J’avais oublié de fermer les volets. Au petit matin, une grisaille triste envahit ma chambre. Ouvrant la fenêtre, je me trouvai devant un paysage inconnu : le boulevard Saint-Germain borné de poubelles, les platanes aux feuilles timides, les chaises entassées les unes sur les autres à la devanture des cafés, la chaussée déserte. Ma ville, ce décor tremblant parcouru de silhouettes furtives ? Comment ose-t-on regarder une femme qui s’éveille à cette heure indécise ? Une âme sensible se doit un instant de timidité au moment de découvrir un secret aussi bien caché. Le Paris de l’aube hésite entre le sordide et le glorieux. Il faut être son amant depuis longtemps pour n’en pas être déçu.
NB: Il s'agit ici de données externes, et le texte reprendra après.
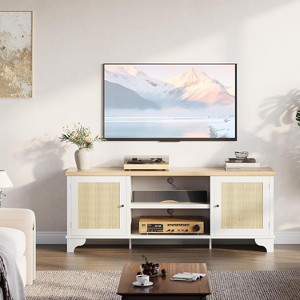 TV Stand for TVs Up to 70", Rattan Entertainment Center with 2 Cabinets & Open Shelf - 1 of 4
Je décidai de le devenir.

Le soir, je trouvai Gisèle, assise à la terrasse du Flore. La beauté de ses mains osseuses, longues, tachées de petites cicatrices mauves qui pouvaient être des brûlures de cigarette m’avait échappé. Pour la première fois, je voyais son visage à la lumière du jour. Une expression lasse contredisait la jeunesse des traits, la délicatesse presque enfantine du nez, la bouche entrouverte sur des dents jolies et un peu désordonnées. Cette lassitude aurait pu paraître empruntée si la voix avait été moins rauque, mais dès les premiers mots je retrouvai l’accent de la veille. Elle ne marqua aucune surprise de mon arrivée et j’évitai de lui dire que j’avais déjà plongé dans cinq ou six bars avant de l’apercevoir. Je ne sus pas si elle m’attendait et dès cette minute je compris que Gisèle était de ces êtres dont il ne faut tirer de l’ombre qu’un seul visage. Je l’emmenai dîner comme si nous en étions convenus. Entre les services, elle me quitta pour téléphoner trois fois et revint aussi indifférente, reprenant la conversation où nous la laissions. Je me demandais si elle avait couché avec un des Brésiliens.